_Work to complete_: Could the data below be retyped exactly, without its pictures?

_Information shown_:

★ ★ ★ ★ ★ ★ ★

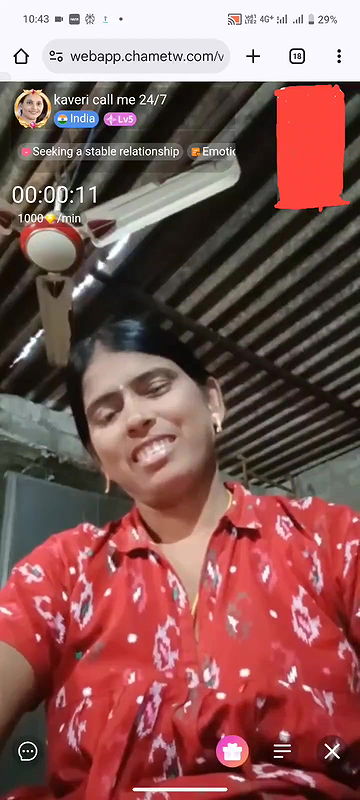 New chamet video collection 6217723858342910273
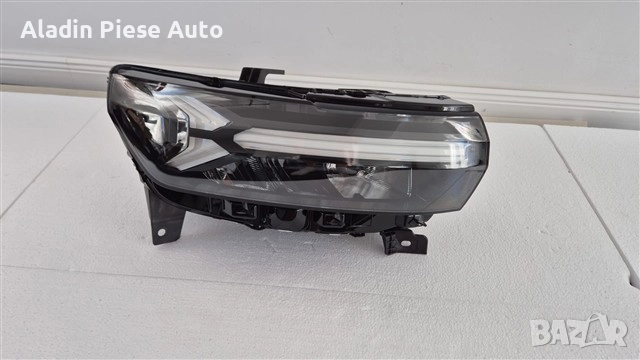 Десен фар Dacia Bigster Duster Led година 2024 2025 2026, код 260107725R 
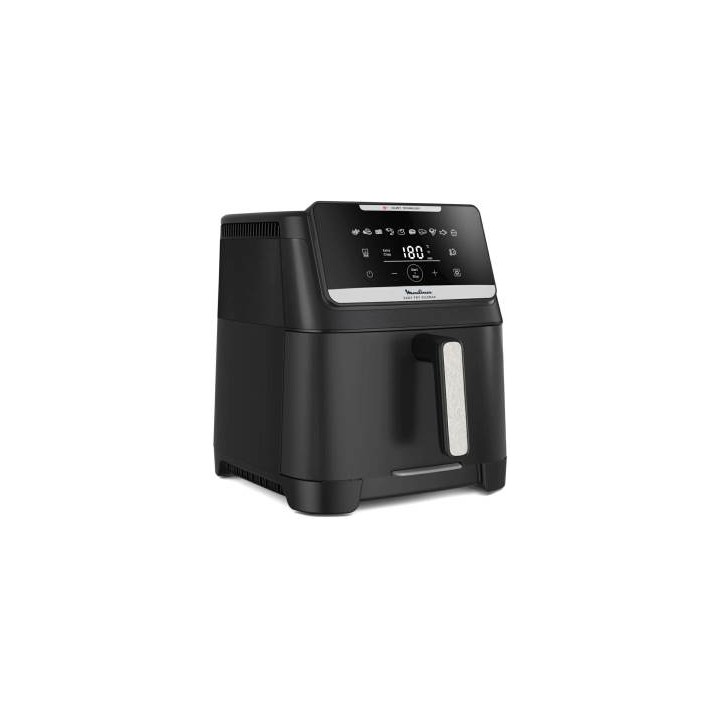 Moulinex Friggitrice ad Aria Easy Fry Silence 7l 1800 W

★ ★ ★ ★ ★ ★ ★

_Answer to this exercise_:
 New chamet video collection 6217723858342910273
 Десен фар Dacia Bigster Duster Led година 2024 2025 2026, код 260107725R 
 Moulinex Friggitrice ad Aria Easy Fry Silence 7l 1800 W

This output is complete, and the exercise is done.